How to complete this task: Write out again, word for word, the lines below from the line that holds "Fine purple long" through the line that holds "大人のための柄ワンピース ロング Aライン", omitting pictures.

Input data:
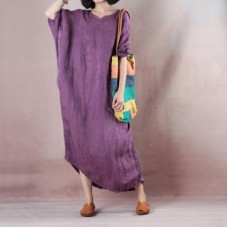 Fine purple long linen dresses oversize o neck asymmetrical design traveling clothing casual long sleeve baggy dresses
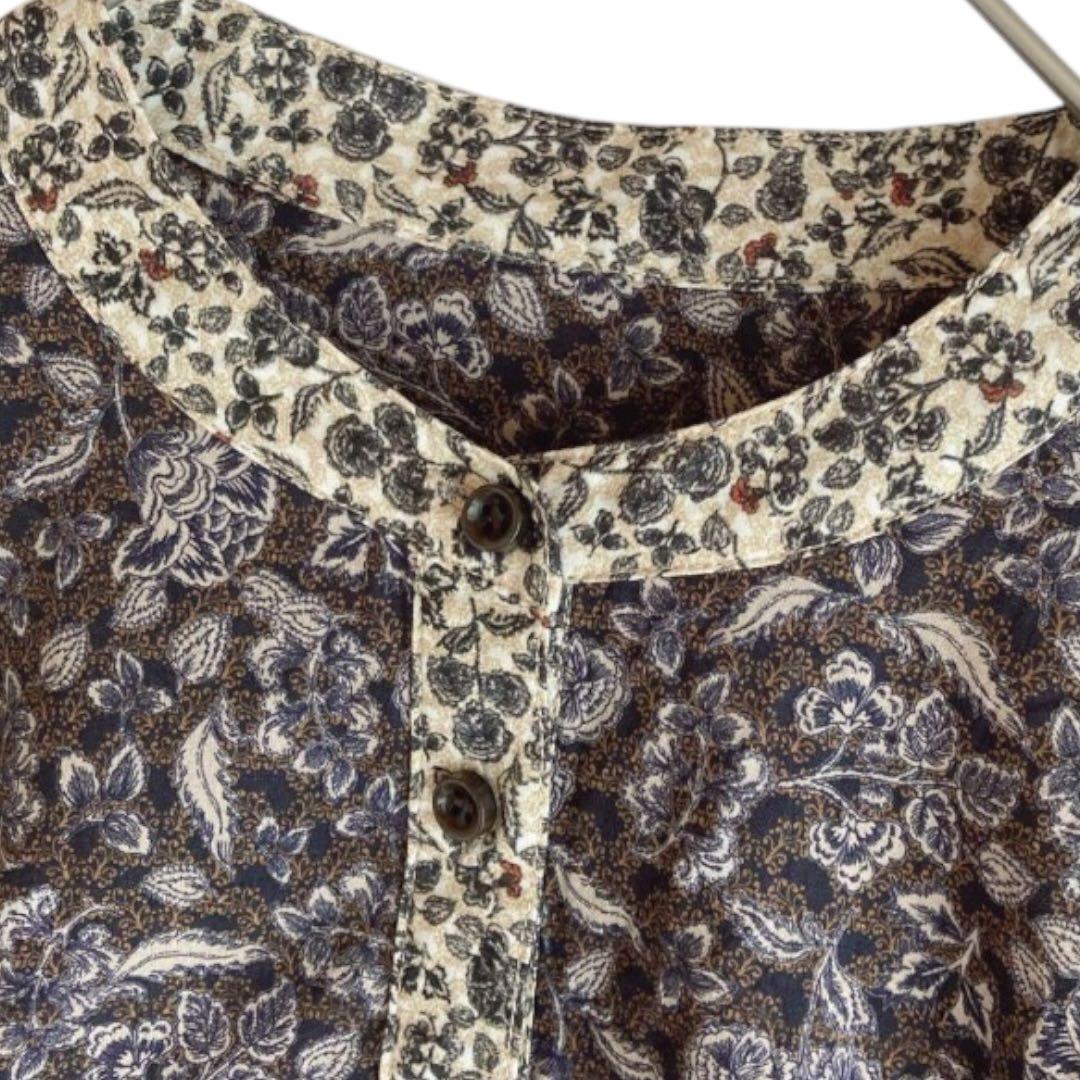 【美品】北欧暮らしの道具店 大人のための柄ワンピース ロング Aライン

==

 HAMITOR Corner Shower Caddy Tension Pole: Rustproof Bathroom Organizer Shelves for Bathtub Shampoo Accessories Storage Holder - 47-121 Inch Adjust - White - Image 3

Solution for this problem:
 Fine purple long linen dresses oversize o neck asymmetrical design traveling clothing casual long sleeve baggy dresses
 【美品】北欧暮らしの道具店 大人のための柄ワンピース ロング Aライン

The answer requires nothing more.